Given the sophistication of advanced malware, the most reliable means of cleaning a device was to reimage it and start over again. This was expensive and made many employees grumpy because they lost work and productivity, but necessary because it was difficult (or outright impossible) to be confident you had really cleaned everything off the machine. Now, given the visibility and granularity provided by advanced endpoint security agents, it has once more become realistic to actually clean devices.

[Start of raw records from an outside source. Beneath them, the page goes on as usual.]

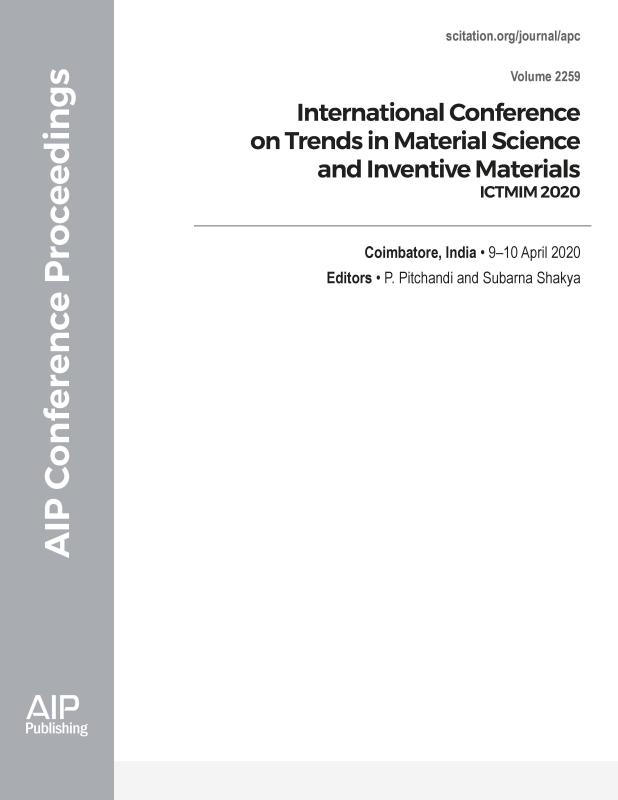 Cover of Volume 2259: International Conference on Trends in Material Science and Inventive Materials 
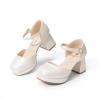 imageDREAM PAIRS Girls Dress Shoes Platform Square Toe High Heels Ankle Strap Party Wedding Flower Pump for Little Big KidIvory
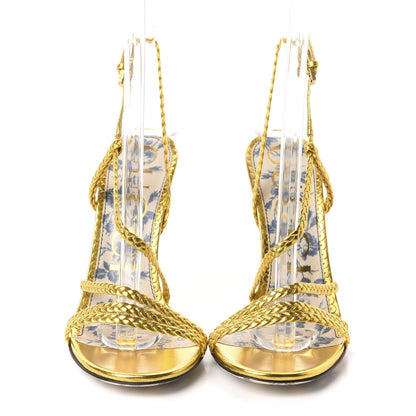 Gucci Metallic Nappa Braided Haines High Heel Sandals 36.5 Gold 2 of 10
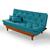 Sofa Cama Caribe Reclinavel Base Em Madeira Essencial Estofados Azul-turquesa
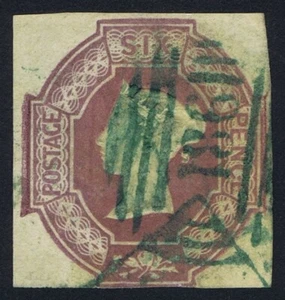 1854 6d lila geprägt SG 60 GRÜN DUBLIN Löffel fein gebraucht Katze. £1000,00+ - Bild 1 von 1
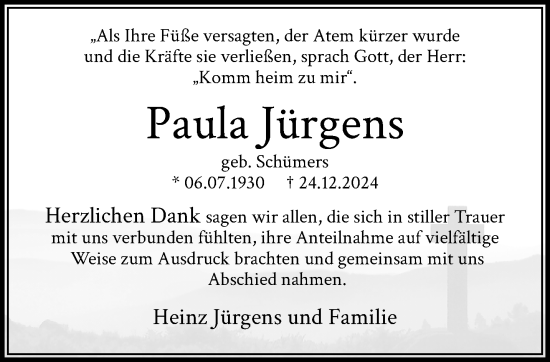 Traueranzeige von Paula Jürgens von trauer.extra-tipp-moenchengladbach.de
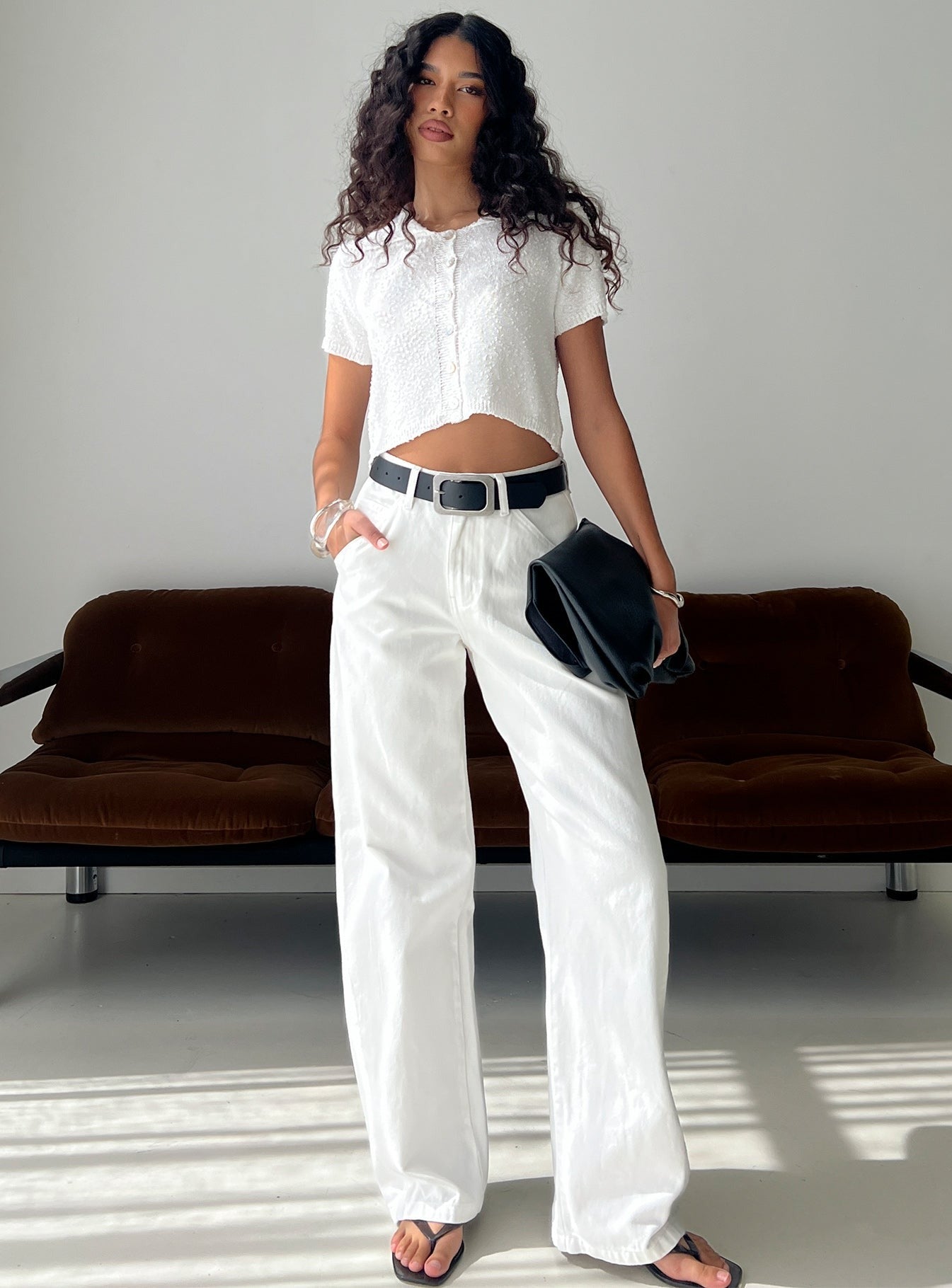 Erena High Rise Barrel Leg Jeans White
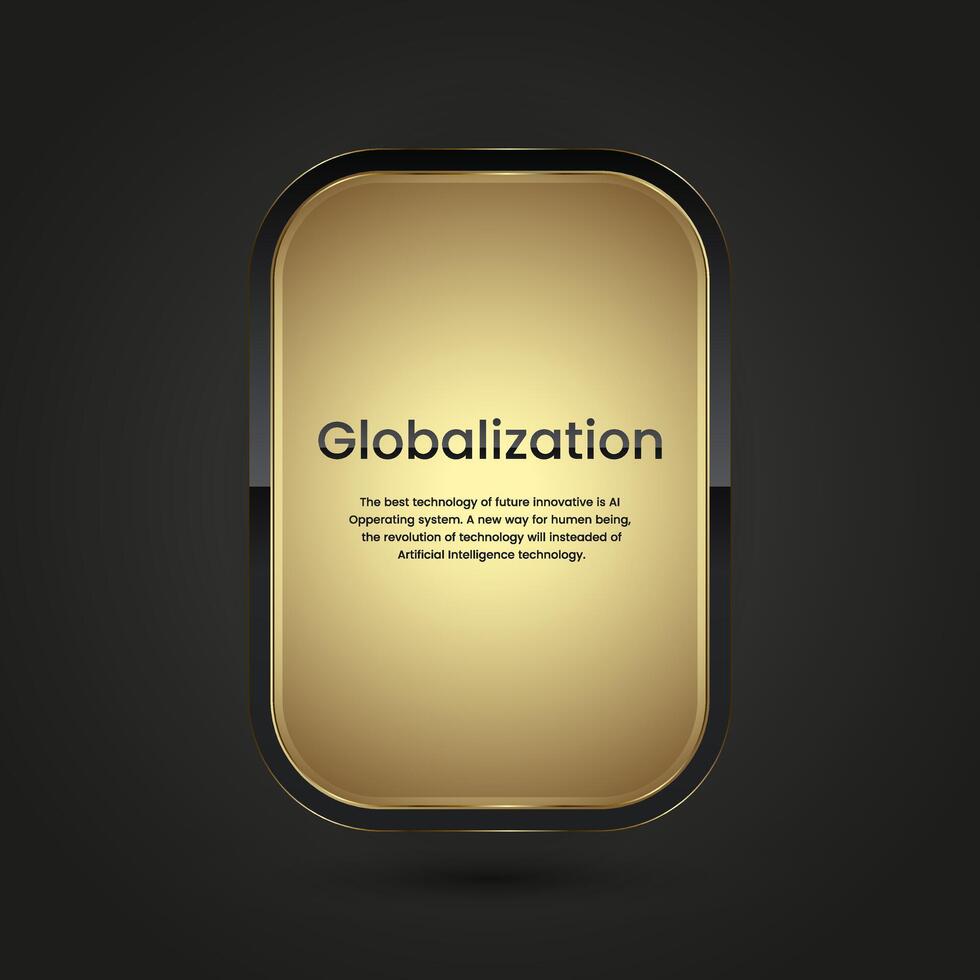 Black Luxury button infographic vector design. A gold and black icon on isolated dark gradient background, a premium Vector illustration template Stock Free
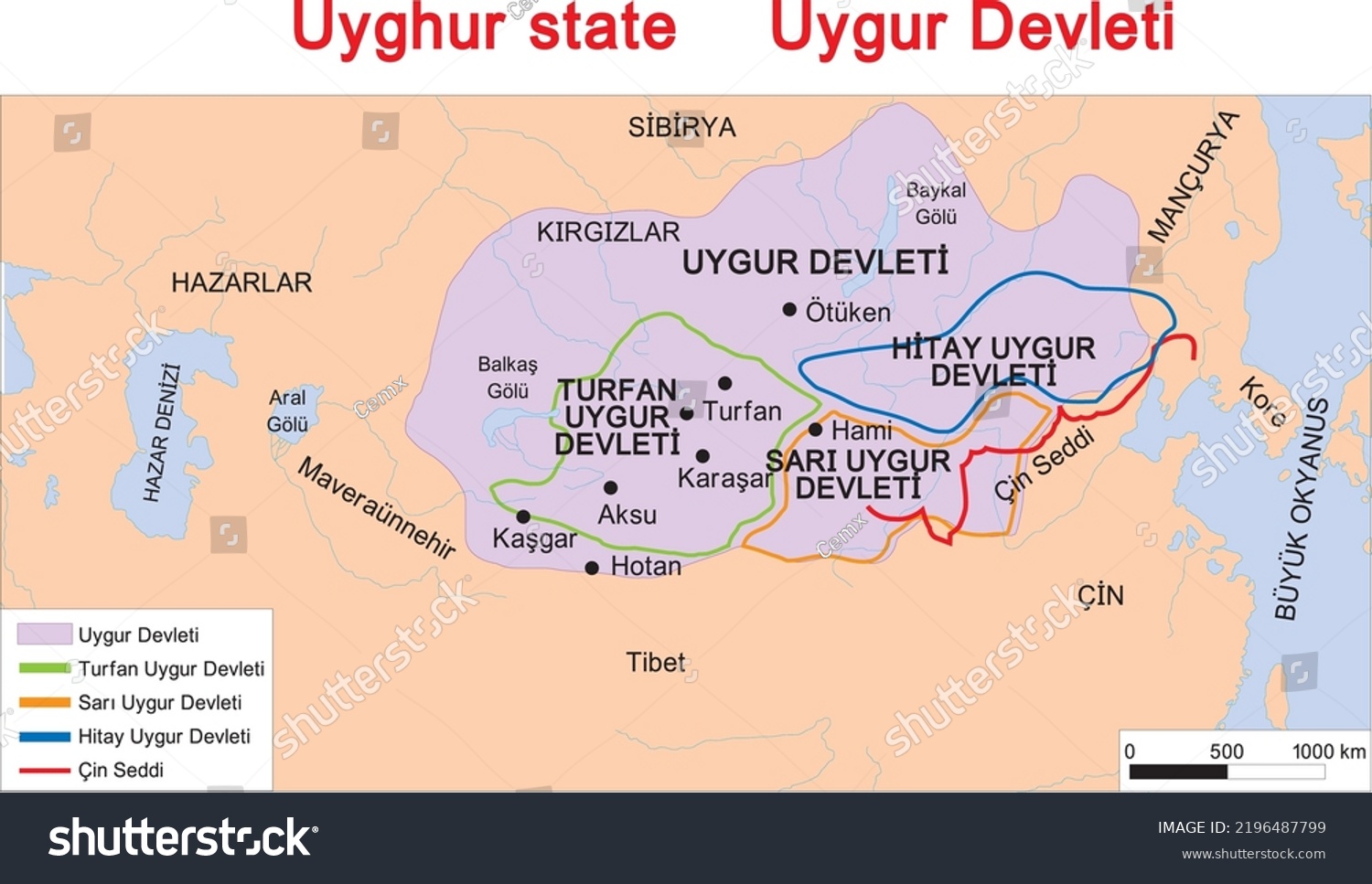 Uyghur State Map Great Uyghur State Royalty Free Stock Vector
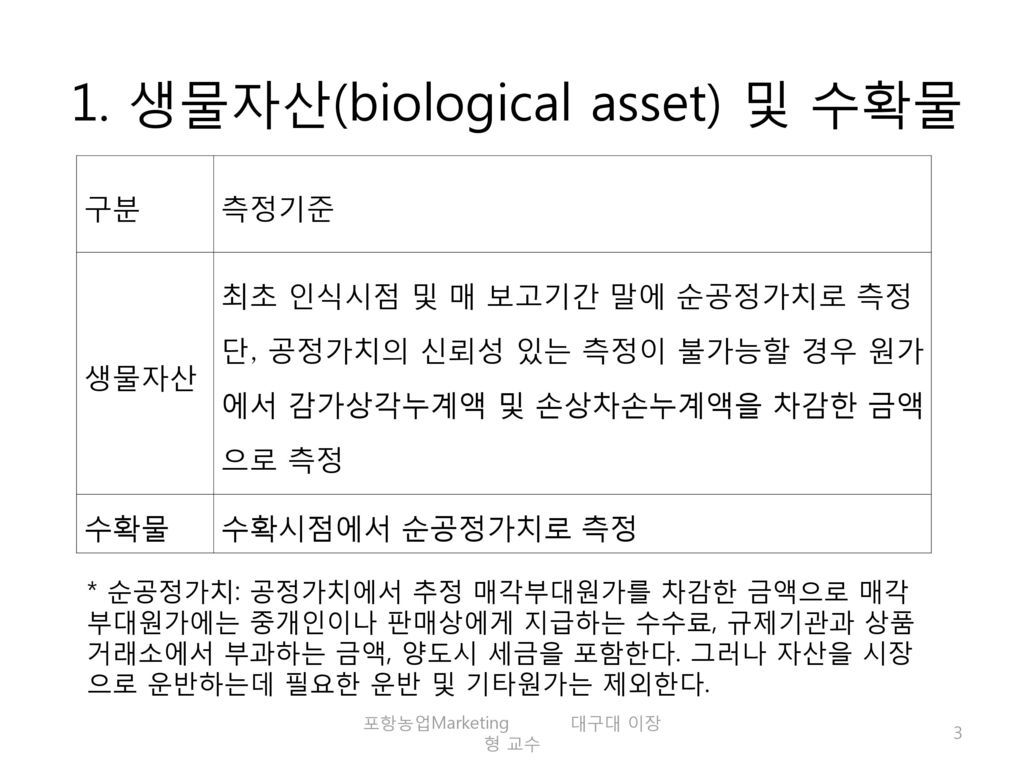 1. 생물자산(biological asset) 및 수확물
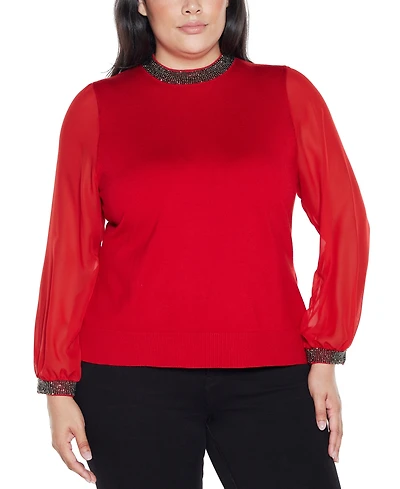 Belldini Plus Black Label Rhinestone-Neckline Chiffon-Sleeve Sweater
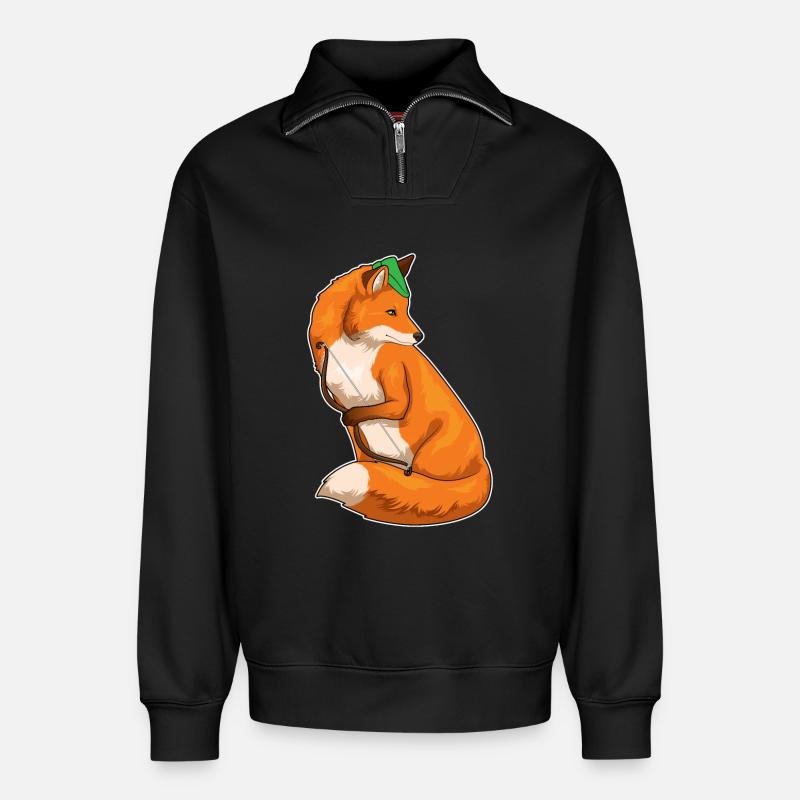 Fuchs Bogenschütze Bogen - Relaxed Unisex Organic Half Zip Sweatshirt – von SPREAD - Schwarz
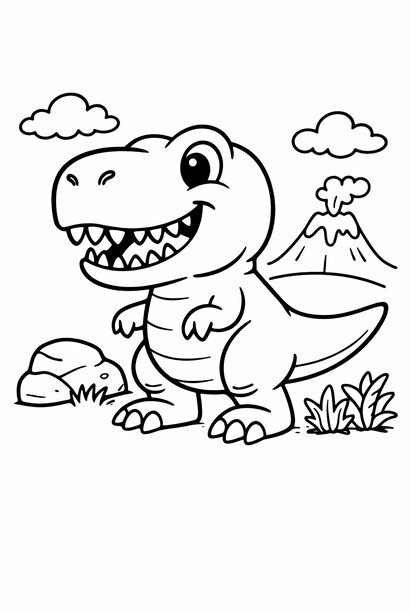 T-Rex coloring page thumbnail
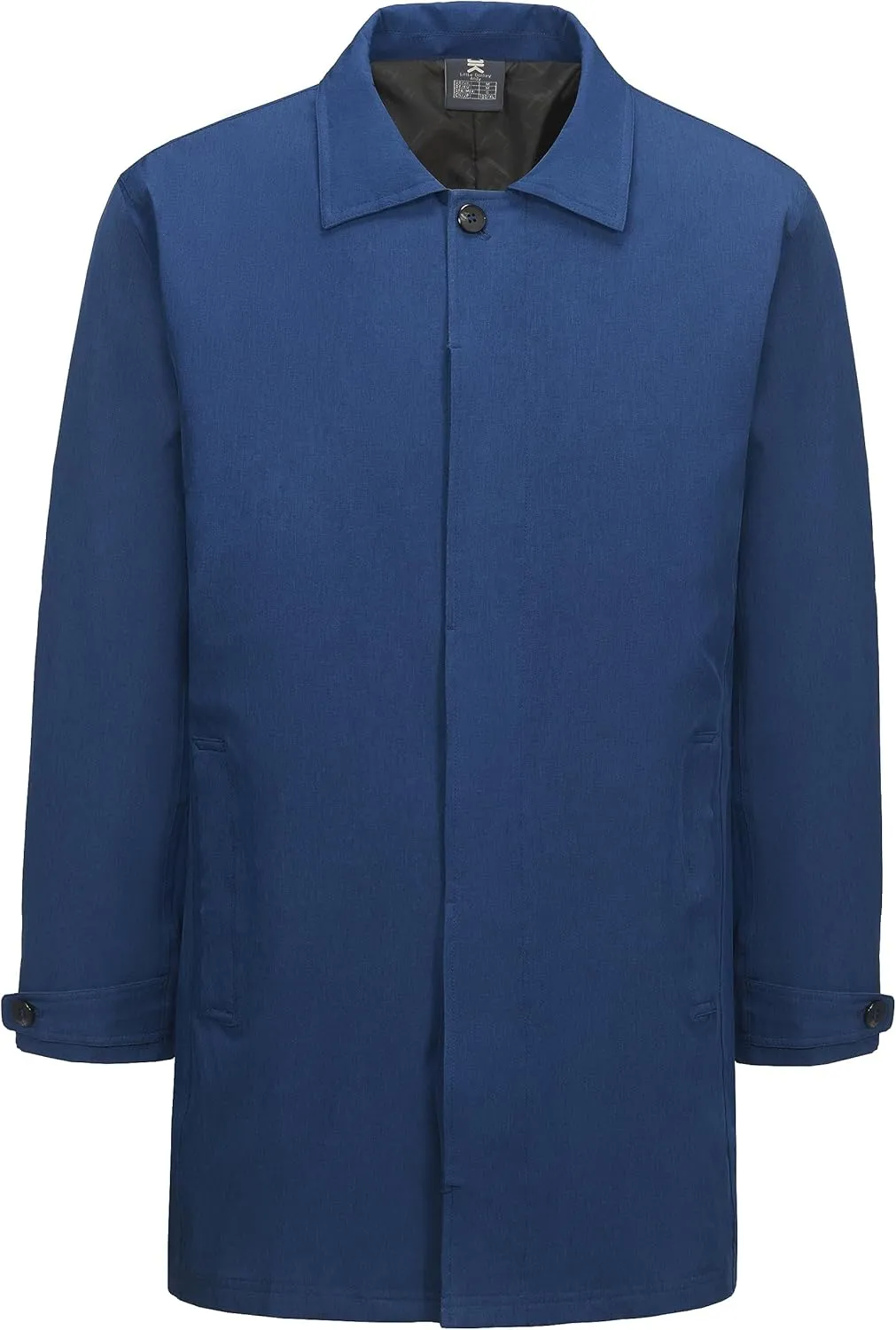 Little Donkey Andy Men's Waterproof Trench Coat, Mid-Length Lightweight Long Rain Coat, Single Breasted Overcoat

Containment: Once a device has been compromised, the first step is containment. Make sure the device can’t reach anything valuable, and that you trigger your response process. There are many situations where a device is compromised without the pre-execution and during-execution controls working. In such a case you get an alert, and you suspect a device has already been compromised.
Quarantine: You’ll need to move the device off the corporate network to a place where it can be monitored to track subsequent activity and/or isolated so it can’t hurt anything else. This is about containing the attack and the specific device, and typically requires some type of integration with network infrastructure to move the device to a protected and monitored network.
Validate attack: You’ll want to figure out what happened on the device. This typically involves some kind of visualization of activity on the endpoint. Some endpoint protection agents include a ‘light’ version of a full Endpoint Detection/Response (EDR) capability to provide enable at least a cursory device investigation.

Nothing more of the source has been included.